Additionally, there are patterns to instructions that are utilized by a packer in assembly language. Most packers will start with a PUSHAD instruction. In x86 assembly, this pushes the values of all eight CPU registers onto the stack at once, an instruction rarely used within x86 assembly otherwise. One other final trick for assembly is that the IAT (import address table) will be rather sparse, only utilizing the imports necessary for the binary to unpack itself upon execution, usually VirtualAlloc (to allocate space within memory to write the unpacked binary).
Let's now take a dive into how, without utilizing any of the automated tools at our disposal, we may manually unpack a piece of malware and obtain the raw executable for analysis and study.
As previously alluded to, malware must first unpack itself before beginning execution.

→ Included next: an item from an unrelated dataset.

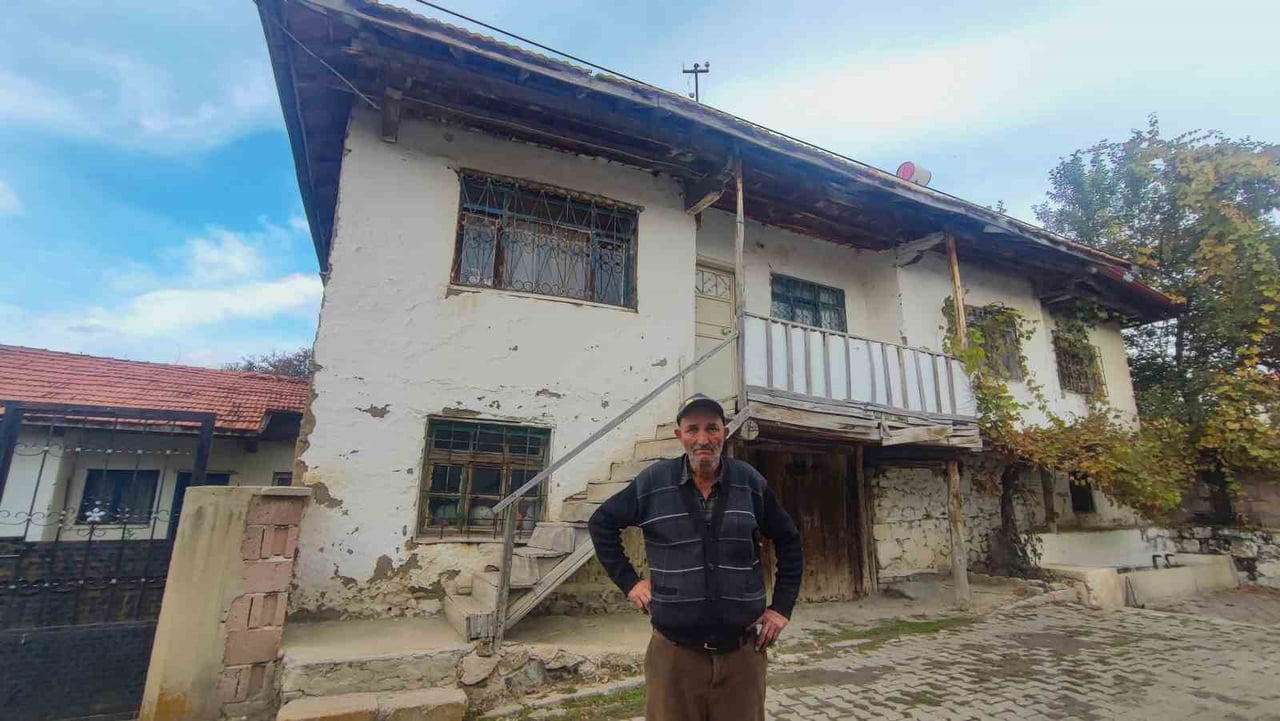 YOZGAT'IN SORGUN İLÇESİNE BAĞLI ÇİĞDEMLİ KASABASI'NDA, GEÇMİŞTE SAVAŞLARA GİDEN ASKERLERİN SAĞ...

Armed with this information, we know it should be possible to step into the execution of the program with a debugger, allow the program to write the unpacked version of itself into memory, and then write the resultant binary to disk.
We'll start by attaching our debugger, x32dbg, to a packed sample of malware. The debugger will automatically pause itself at the entry point to our application:
Once we are paused at the entry point, we can begin looking for the end of the unpacker code within our binary. In this instance, it will be near the very end of the code – one final JMP instruction before the rest of the space is filled with zeroed-out operations:
Logically, if a jump is taking place at the very end of the program, we can assume that the jump is going to be pointed to at the beginning of the address space that the binary will be utilizing to write the raw, unpacked executable. Here, we can set F2 and set a breakpoint. Now, we can simply press F9 to allow the executable to unpack itself and pause before continuing execution!
With the packed binary paused on the breakpoint of the jump to the raw binary loaded into memory, we need to actually execute this final instruction to get to the correct address. For this, we'll press F7 and take a single step into the next instruction and follow the jump.
To write the unpacked version of the binary to disk, we can utilize a plugin for x64dbg called Scylla. To use this, we'll go to Plugins > Scylla. Opening it will automatically fill out some information. All we need to do is click IAT AutoSearch, which will automatically search for the import address table, and should successfully locate it. After the IAT is located, click Get Imports to build the IAT for the binary:
We have now written the unpacked binary to disk, and can validate that the binary is unpacked utilizing previously covered methods of checking the entropy of the binary utilizing tools such as DetectItEasy:
As we can see, the entropy here is significantly low, and DetectItEasy does not appear to believe that the sample is packed. Based on what we know and what we have done, it is safe to assume that we have successfully unpacked the binary!
Utilizing the malware sample pack provided for this chapter, attempt to answer the following questions:
In this chapter, we've discussed several fairly complex ideas revolving around the dynamic and hybrid analysis of malware, ranging from understanding API calls that malware may utilize to further its ends, avoid analysis, and generally wreak havoc within our environment, to how malware may utilize commercial and custom packers to attempt to obfuscate their true nature or make analysis more difficult.
We've also discovered how we may leverage this knowledge and defeat these mechanisms with tools such as x32 and x64dbg, as well as plugins such as Scylla, and tools such as the NSA's Ghidra. While these are complex topics, they become far easier the more they are practiced – the more time you spend in Ghidra or a debugger, the more comfortable the tools become, regardless of the relative complexity of the ideas surrounding them.
In the next chapters, we'll take a few steps back from the technical complexity and focus on easier-to-understand and practice reporting and attack-mapping methodologies.